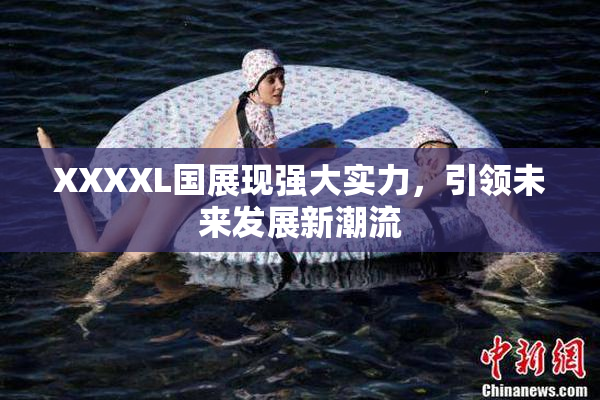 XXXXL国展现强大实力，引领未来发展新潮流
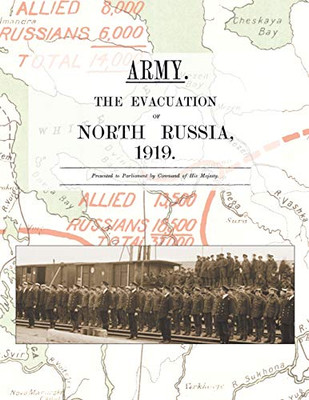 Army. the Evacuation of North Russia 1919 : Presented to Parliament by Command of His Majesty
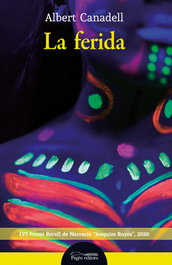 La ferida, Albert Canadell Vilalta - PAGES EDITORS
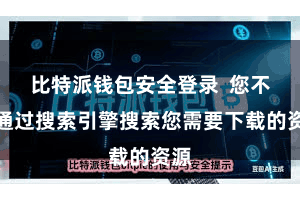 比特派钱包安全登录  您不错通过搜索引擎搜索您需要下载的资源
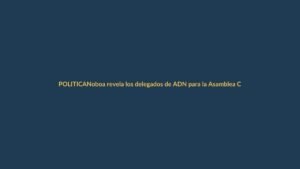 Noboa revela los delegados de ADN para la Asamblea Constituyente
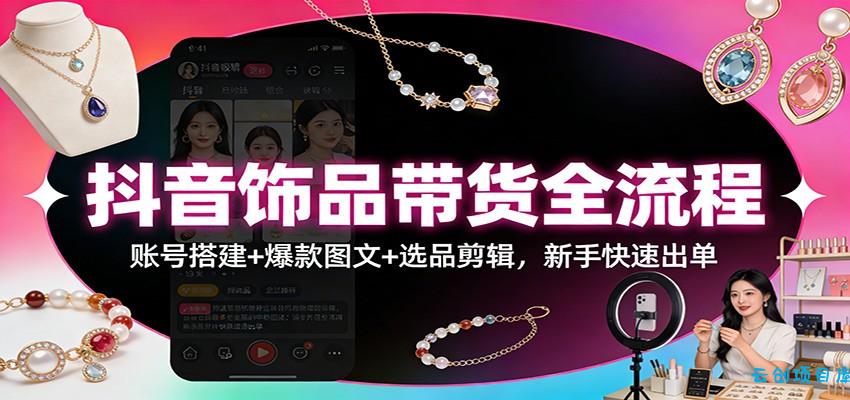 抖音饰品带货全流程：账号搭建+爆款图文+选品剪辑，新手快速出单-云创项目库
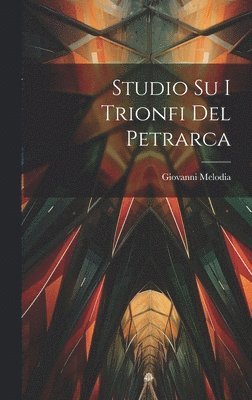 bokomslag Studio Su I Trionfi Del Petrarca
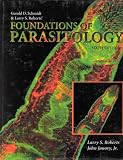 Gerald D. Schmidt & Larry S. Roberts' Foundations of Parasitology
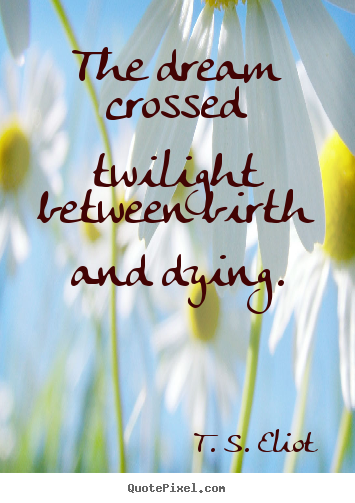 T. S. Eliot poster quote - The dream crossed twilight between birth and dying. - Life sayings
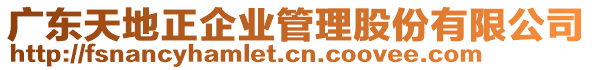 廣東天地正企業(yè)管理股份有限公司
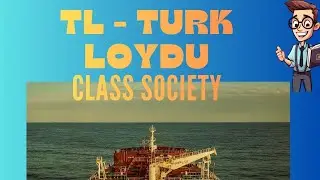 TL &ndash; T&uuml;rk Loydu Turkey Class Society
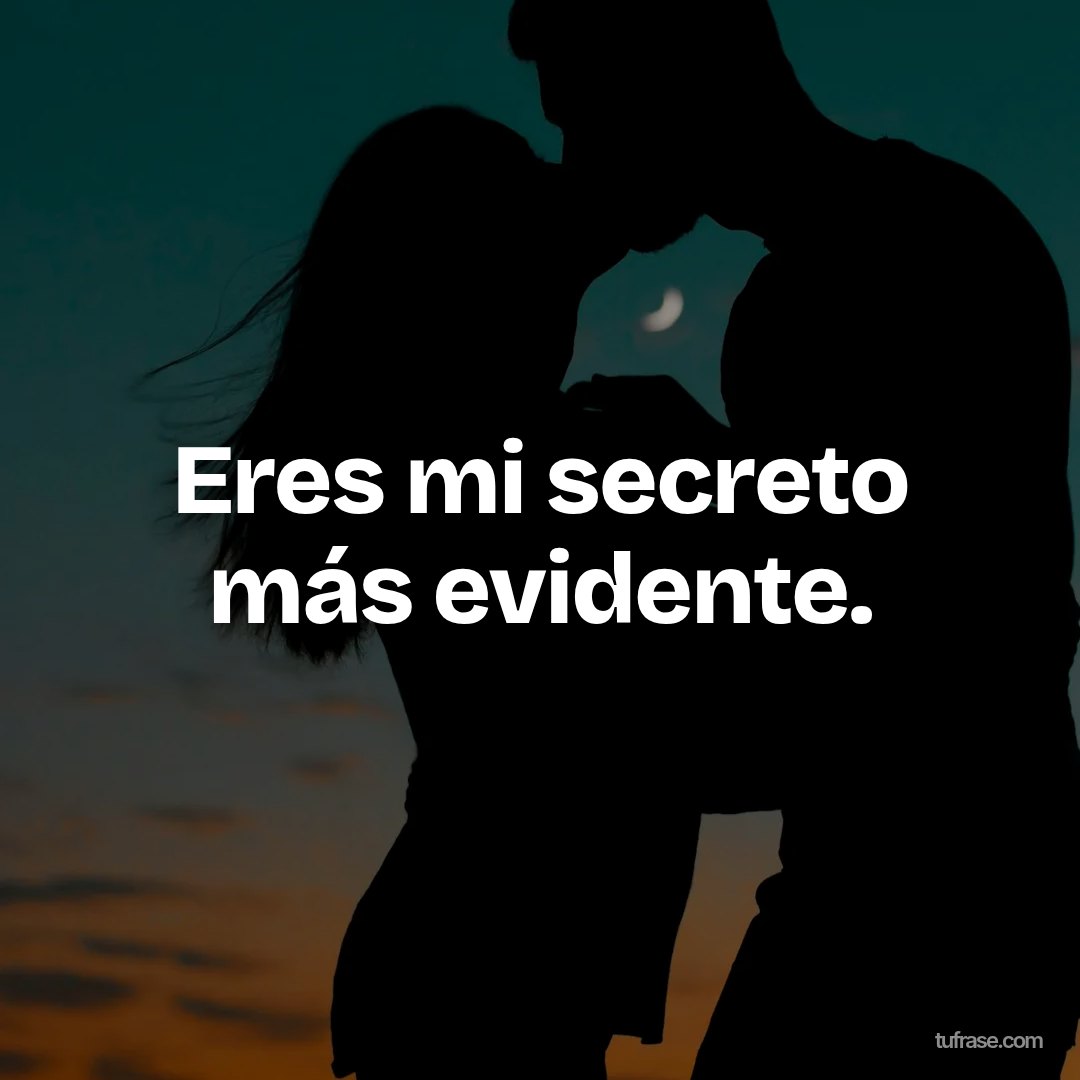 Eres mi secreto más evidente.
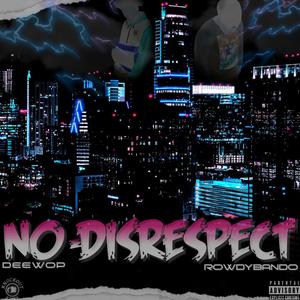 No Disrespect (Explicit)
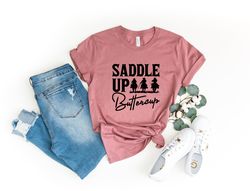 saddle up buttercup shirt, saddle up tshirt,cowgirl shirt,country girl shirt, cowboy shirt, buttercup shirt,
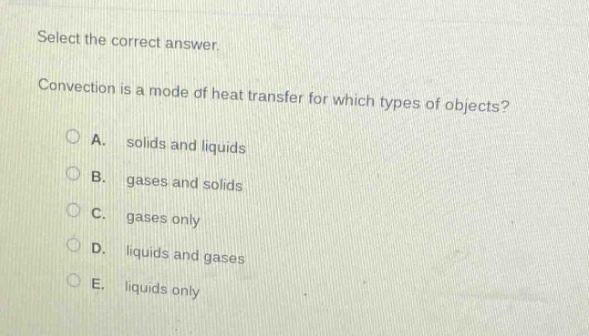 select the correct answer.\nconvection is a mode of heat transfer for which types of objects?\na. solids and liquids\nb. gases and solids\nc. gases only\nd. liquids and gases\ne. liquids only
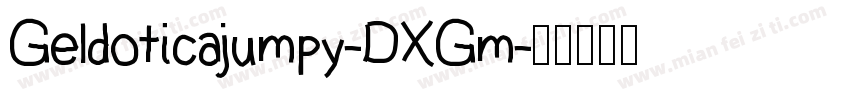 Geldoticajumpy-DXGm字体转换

+ + + + + + +

- _Task objective_
Without including any picture, set down the listing above exactly as it appears.

- _Exercise result_
 XXXXL国展现强大实力，引领未来发展新潮流
 Army. the Evacuation of North Russia 1919 : Presented to Parliament by Command of His Majesty
 La ferida, Albert Canadell Vilalta - PAGES EDITORS
 比特派钱包安全登录  您不错通过搜索引擎搜索您需要下载的资源
 Noboa revela los delegados de ADN para la Asamblea Constituyente
 抖音饰品带货全流程：账号搭建+爆款图文+选品剪辑，新手快速出单-云创项目库
 bokomslag Studio Su I Trionfi Del Petrarca
 Gerald D. Schmidt & Larry S. Roberts' Foundations of Parasitology
 T. S. Eliot poster quote - The dream crossed twilight between birth and dying. - Life sayings
 廣東天地正企業(yè)管理股份有限公司
 TL &ndash; T&uuml;rk Loydu Turkey Class Society
 Eres mi secreto más evidente.
 No Disrespect (Explicit)
 saddle up buttercup shirt, saddle up tshirt,cowgirl shirt,country girl shirt, cowboy shirt, buttercup shirt,
 select the correct answer.\nconvection is a mode of heat transfer for which types of objects?\na. solids and liquids\nb. gases and solids\nc. gases only\nd. liquids and gases\ne. liquids only
 Geldoticajumpy-DXGm字体转换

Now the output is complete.